* FHA needs cash to maintain required capital cushion
* Shortfall stems from loans backed from 2007 to 2009
* Republicans: FHA was irresponsible in propping up market
* White House predicted $943 million draw in April
* Obama administration officials see finances improving
By Margaret Chadbourn
WASHINGTON, Sept 27 The U.S. Federal Housing Administration said on Friday it will draw $1.7 billion in cash from the U.S. Treasury to help cover losses from troubled loans, marking the first time in its 79-year history that it has needed aid.
The agency, which offers mortgage lenders guarantees against homeowner defaults, told Congress it does not have enough cash to cover projected losses on the loans it backs. It said it needs the subsidy to shore up its insurance fund to maintain a required capital cushion.
White House officials projected in April that the FHA would face a shortfall of $943 million in the fiscal year that ends on Monday, but rising mortgage rates cut its loan volume and curbed a hoped-for increase in revenues from higher loan premiums.
FHA Commissioner Carol Galante said her agency was required to draw money based on loan performance assumptions that were locked down in December, but she said those assumptions did not capture improvements that would have likely canceled out a need for aid.
"In the next few months, we expect updated data and economic forecasts to reflect what we already know to be true - the health of the (FHA insurance) fund has improved significantly," she told lawmakers in a letter.
The cash infusion marks what could be considered a book end to the 2007-2009 financial crisis, which started with the U.S. subprime mortgage crisis.
Most of the damage to the FHA was caused by loans that were made during those years as the real estate market cratered and it expanded its book of business to support the mortgage market.
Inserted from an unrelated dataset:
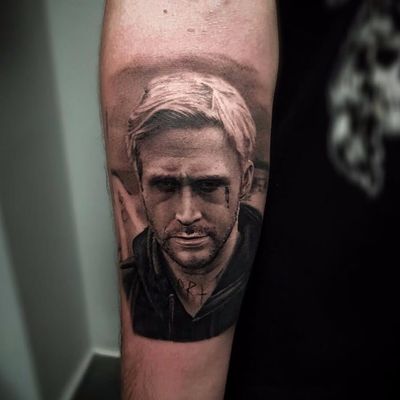 The Place Beyond the Pines Tattoo by Cristian Marin #CristianMarin #blackandgrey #realism #realistic #hyperrealism #photorealism #movietattoo #ryangosling #portrait #tattoo #placebeyondthepines #tattoooftheday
Officials said those loans are projected to cost the agency $70 billion.
Loans originated in the past few years have performed much better. The number of loans seriously delinquent at the end of July was 15 percent below the level of a year earlier and at the lowest point in almost three years.
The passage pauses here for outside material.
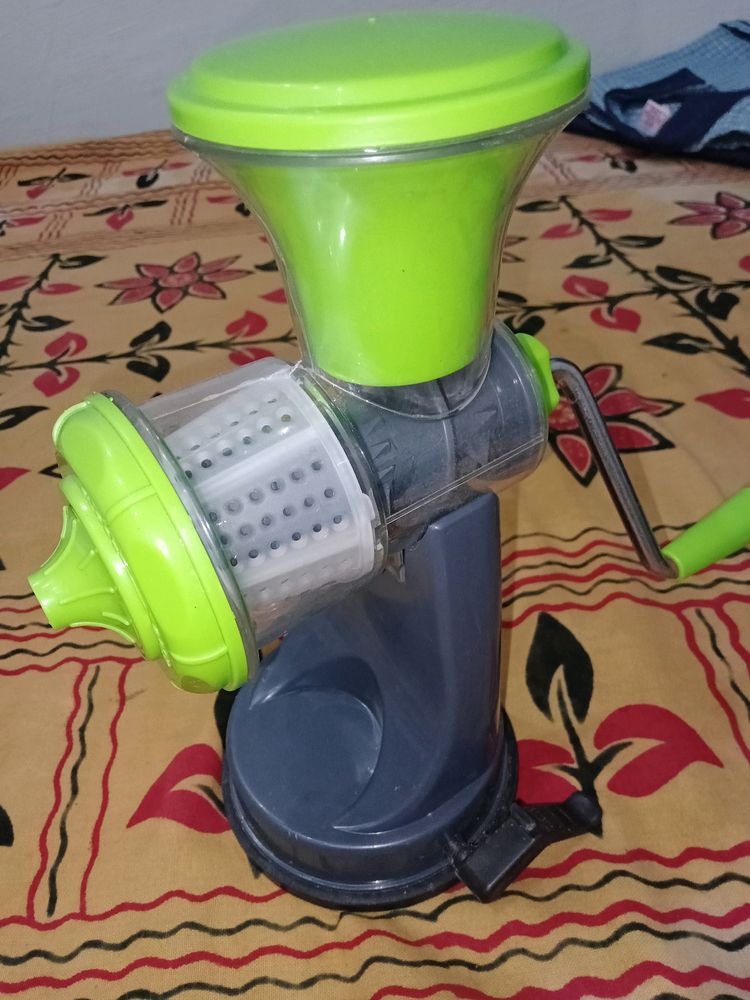 Hand Juicer And Mixer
In addition, the amount of money the FHA is recovering on foreclosed properties is up sharply. "It is estimated that the improvement in recovery rates alone is worth more than $5 billion," Galante said.
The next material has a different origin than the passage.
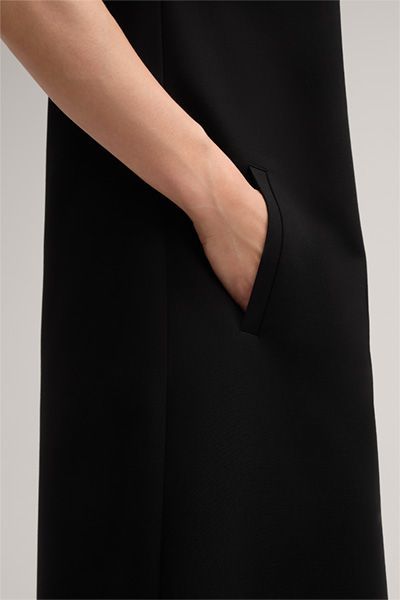 Crêpe A-Linien-Kleid in Schwarz mit V-Ausschnitt und kurzen Ärmeln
While the FHA had been expected to draw from the Treasury, the size of the cash infusion, which Republicans have dubbed a bailout, will heighten the political tension over the government's pervasive role in the mortgage market.
Taxpayers have already propped up mortgage finance giants Fannie Mae and Freddie Mac to the tune of $187.5 billion, although those government-controlled companies are now profitable and will have returned $146 billion in dividends to the Treasury by the end of the month.
Including Fannie Mae and Freddie Mac, federal housing agencies support about nine in 10 new U.S. mortgages.
Idaho Republican Senator Mike Crapo said the announcement reinforced the need for Congress to revamp the housing finance system to reduce the government's footprint.
"Taxpayer liability could come to fruition if we do not act on serious reform now," he said.
$30 BILLION ON HAND
The FHA said it has more than $30 billion in cash and investments on hand to pay potential claims, but that it does not have enough to meet a legally required 2 percent capital ratio, which is a measure of its ability to withstand losses.
The FHA has not met its capital ratio since 2009, but the ratio only sank below zero this budget year.
"Although this one-time transfer of funds from the Treasury is legally necessary, it's important to note that FHA is far from bankrupt," said Representative Maxine Waters, a California Democratic who supports programs that help low-income borrowers.
Since the cash draw from Treasury will not be disbursed by the FHA, it will not impact how quickly the government runs out of money to pay its bills under the nation's $16.7 trillion debt ceiling. In addition, the Treasury has the authority to take the $1.7 billion back once the FHA rebuilds its reserves.
After an independent audit in November found that its insurance fund could face losses as high as $16.3 billion, the FHA raised the amount it charges borrowers to insure mortgages against default and tightened underwriting. The changes, coupled with rising home prices, helped shrink the projected gap.
The FHA has said its cash needs were mainly driven by losses from reverse mortgages, which allow homeowners age 62 or older to withdraw equity and repay it only when their homes are sold. The agency, which is expected to spend $2.8 billion this year insuring reverse mortgages, backs 90 percent of such loans.
It has already announced new guidelines for potential reverse mortgage borrowers, including lower limits on the amount seniors can withdraw, higher mortgage insurance fees and tougher vetting of applicants. Those changes, however, do not go into effect until Tuesday.
Republicans have argued the FHA needs to take more aggressive action to protect taxpayers, including reducing maximum loan limits and raising minimum down payments.
The Obama administration contends some of those steps would undermine the agency's mission to provide credit to first-time home buyers and needy communities.
The FHA has played a critical role supporting the housing market by insuring mortgages for borrowers who make down payments of as little as 3.5 percent. The FHA insures about $1.1 trillion in mortgages and now backs about one third of all new loans used to purchase homes, up from about 5 percent in 2006.